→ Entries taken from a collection
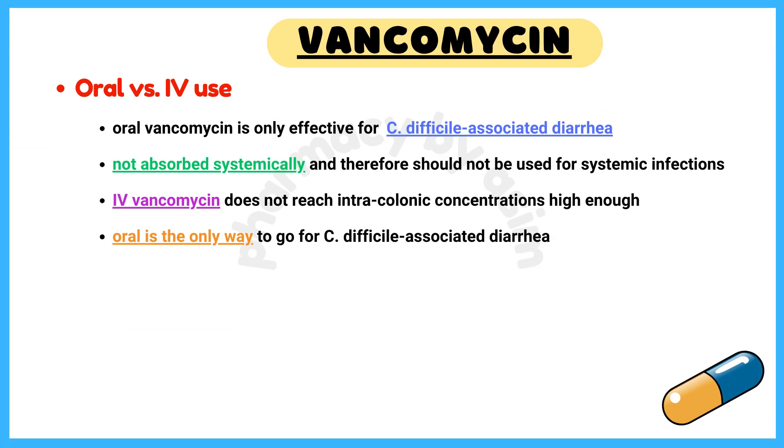Number 6: Oral versus Intravenous Use. Oral vancomycin is only effective for infections in the GI tract, such as C. difficile-associated diarrhea. It is not absorbed systemically and therefore should not be used for systemic infections. Intravenous vancomycin does not reach intracolonic concentrations high enough to kill C. difficile, so oral dosing is the only way to go.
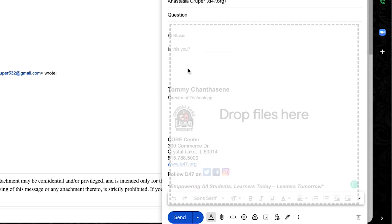Administrators, when anyone emails your staff pretending to be you, this is identity theft and it should be taken very seriously. Time is of the essence.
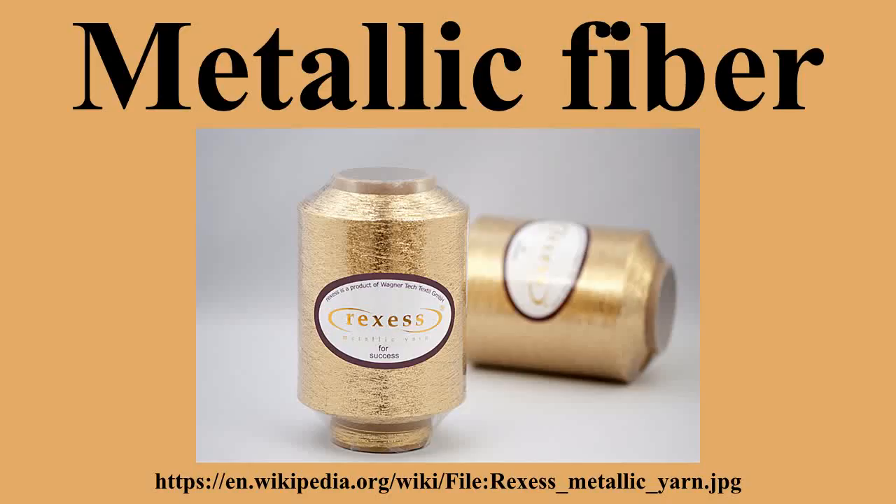Coated metallic filaments help to minimize tarnishing. When suitable adhesives and films are used, they are not affected by salt water, chlorinated water in swimming pools, or climatic conditions. If possible, anything made with metallic fibers should be dry cleaned. If there is no care label, ironing can be problematic because the heat from the iron, especially at high temperatures, can melt the fibers.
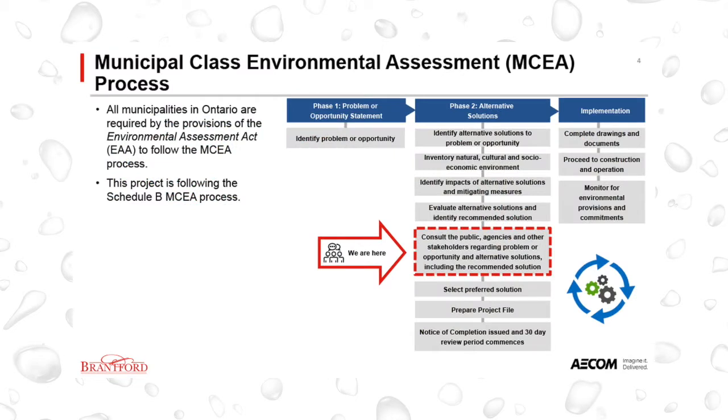A Municipal Class Environmental Assessment, or MCEA, is the process of determining what environmental impacts, if any, there will be during a project and identifying how to minimize these impacts. All municipalities in Ontario are required to follow this process.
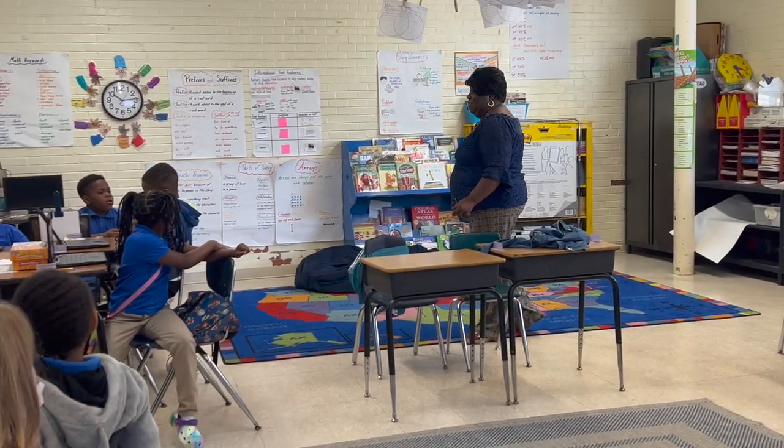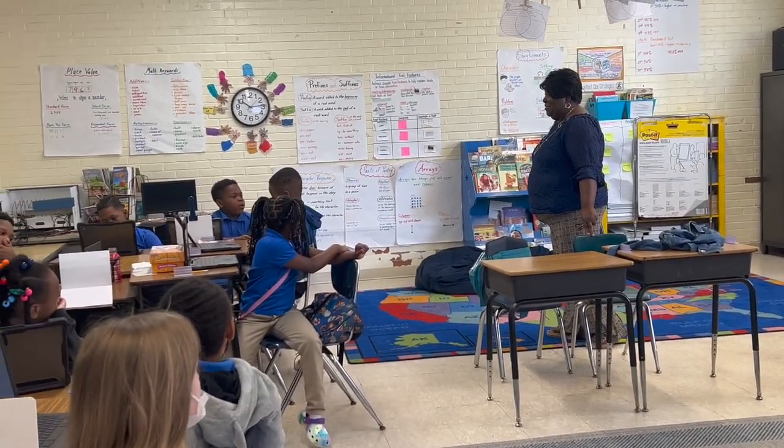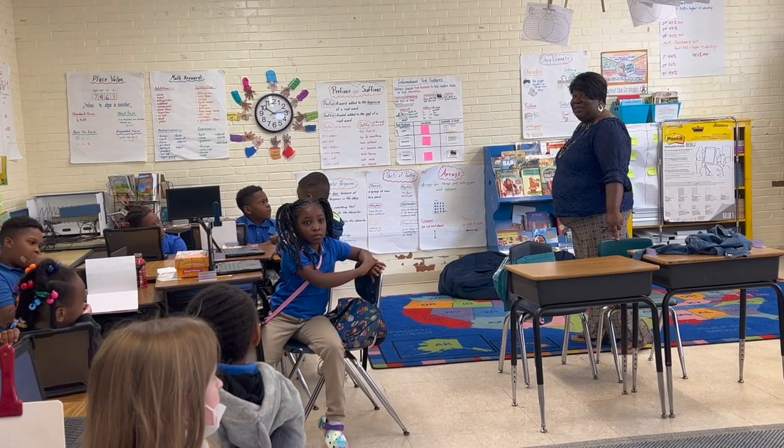Oakland Heights principal Shirley Mosley says she's seen an increased level of excitement in students since using StoryJumper. It's been really exciting just to see the creativity come forth and the excitement about learning.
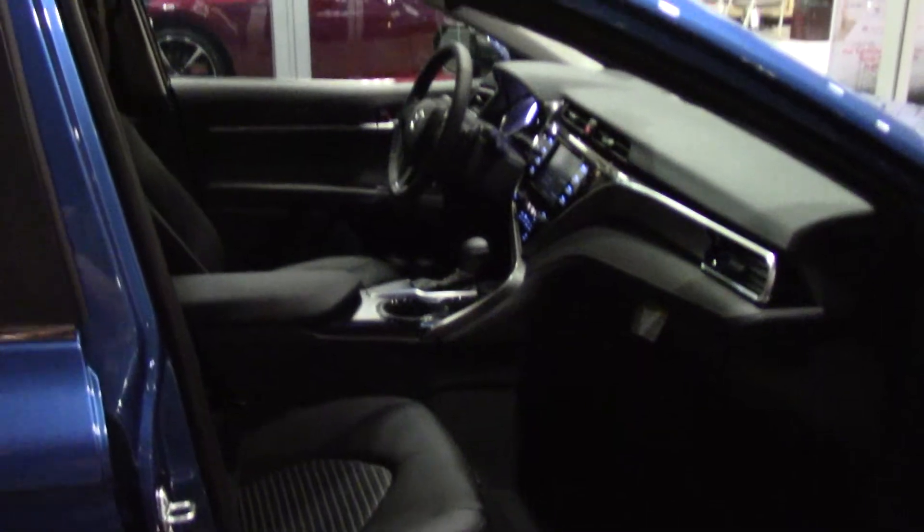We also have a dark interior on this particular model with leather trim seats. This looks really good in here, as you can see.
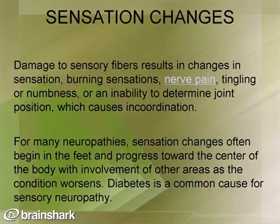Damage to the sensory fibers results in changes in sensation — burning sensations, nerve pain such as electric-like pain, tingling or numbness. It can also produce the inability to determine joint position, leading to incoordination. For many neuropathies, these sensation changes often begin in the feet and progress toward the center of the body. Diabetes is a common cause of sensory neuropathy in the feet and hands. Other familiar examples include sciatica and carpal tunnel syndrome.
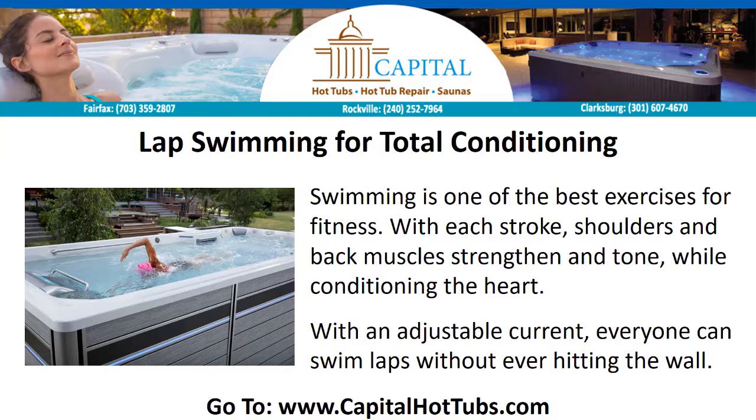Lap Swimming for Total Conditioning. Swimming is one of the best exercises for fitness. With each stroke, shoulders and back muscles strengthen and tone, while conditioning the heart. With an adjustable current, everyone can swim laps without ever hitting the wall.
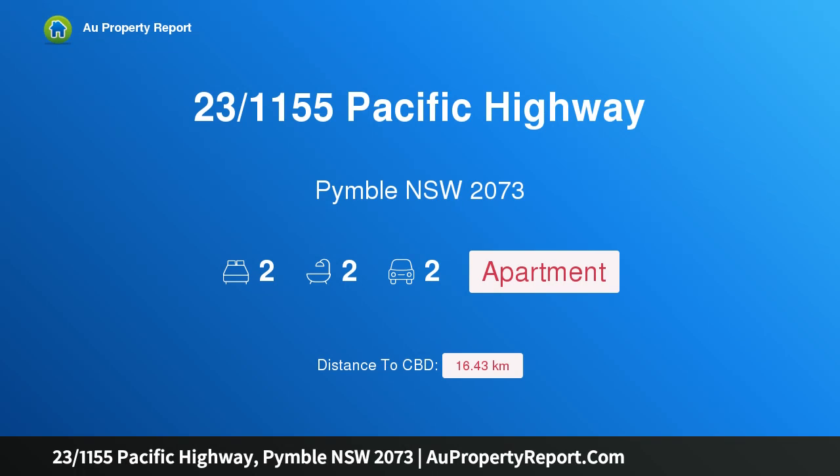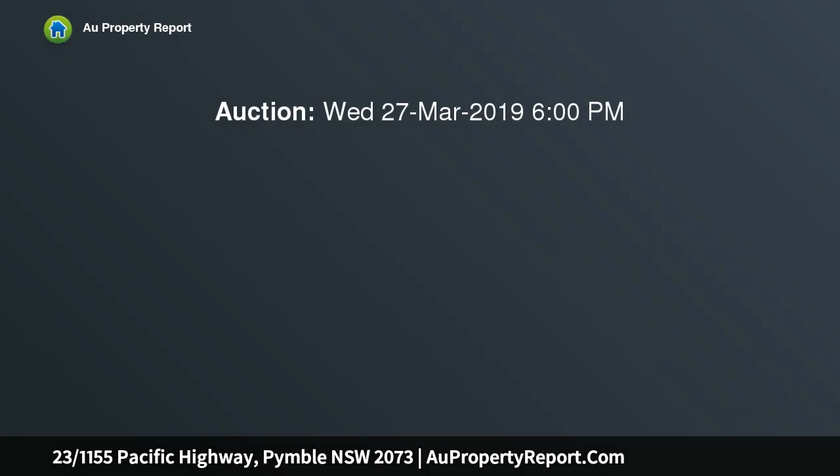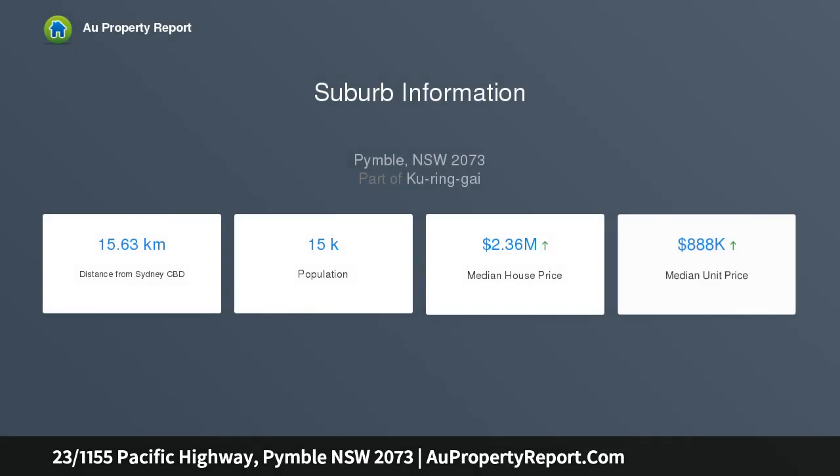Introducing property 23/1155 Pacific Highway, Pymble, New South Wales 2073. A quiet and spacious full brick northeast corner stylish apartment of 143 sqm, offering panoramic views, private and tranquil living, pets allowed. This full brick security apartment was built in 2011 and is situated on a sought-after location in Pymble.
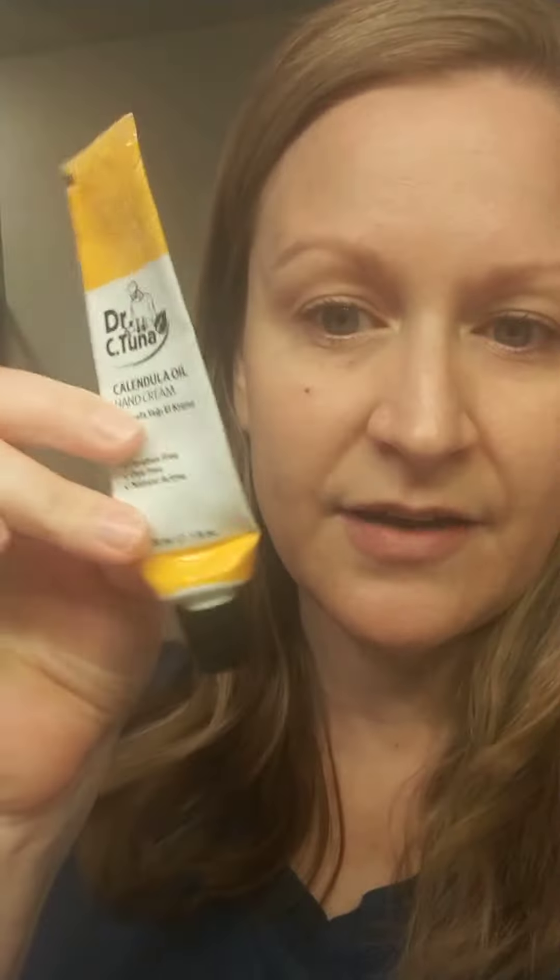And then of course I've got my hand cream. I barely have any left but this usually goes in my purse. It all smells really good. The oil smells a little bit less good, but the results make up for that. Everything else in the calendula line smells divine, and it is for sensitive skin, dry skin, and normal skin.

→ Directions for this task
Reproduce the records in full and leave the images behind.

→ Result for this task
Number 6: Oral versus Intravenous Use. Oral vancomycin is only effective for infections in the GI tract, such as C. difficile-associated diarrhea. It is not absorbed systemically and therefore should not be used for systemic infections. Intravenous vancomycin does not reach intracolonic concentrations high enough to kill C. difficile, so oral dosing is the only way to go.
Administrators, when anyone emails your staff pretending to be you, this is identity theft and it should be taken very seriously. Time is of the essence.
Coated metallic filaments help to minimize tarnishing. When suitable adhesives and films are used, they are not affected by salt water, chlorinated water in swimming pools, or climatic conditions. If possible, anything made with metallic fibers should be dry cleaned. If there is no care label, ironing can be problematic because the heat from the iron, especially at high temperatures, can melt the fibers.
A Municipal Class Environmental Assessment, or MCEA, is the process of determining what environmental impacts, if any, there will be during a project and identifying how to minimize these impacts. All municipalities in Ontario are required to follow this process.
Oakland Heights principal Shirley Mosley says she's seen an increased level of excitement in students since using StoryJumper. It's been really exciting just to see the creativity come forth and the excitement about learning.
We also have a dark interior on this particular model with leather trim seats. This looks really good in here, as you can see.
Damage to the sensory fibers results in changes in sensation — burning sensations, nerve pain such as electric-like pain, tingling or numbness. It can also produce the inability to determine joint position, leading to incoordination. For many neuropathies, these sensation changes often begin in the feet and progress toward the center of the body. Diabetes is a common cause of sensory neuropathy in the feet and hands. Other familiar examples include sciatica and carpal tunnel syndrome.
Lap Swimming for Total Conditioning. Swimming is one of the best exercises for fitness. With each stroke, shoulders and back muscles strengthen and tone, while conditioning the heart. With an adjustable current, everyone can swim laps without ever hitting the wall.
Introducing property 23/1155 Pacific Highway, Pymble, New South Wales 2073. A quiet and spacious full brick northeast corner stylish apartment of 143 sqm, offering panoramic views, private and tranquil living, pets allowed. This full brick security apartment was built in 2011 and is situated on a sought-after location in Pymble.
And then of course I've got my hand cream. I barely have any left but this usually goes in my purse. It all smells really good. The oil smells a little bit less good, but the results make up for that. Everything else in the calendula line smells divine, and it is for sensitive skin, dry skin, and normal skin.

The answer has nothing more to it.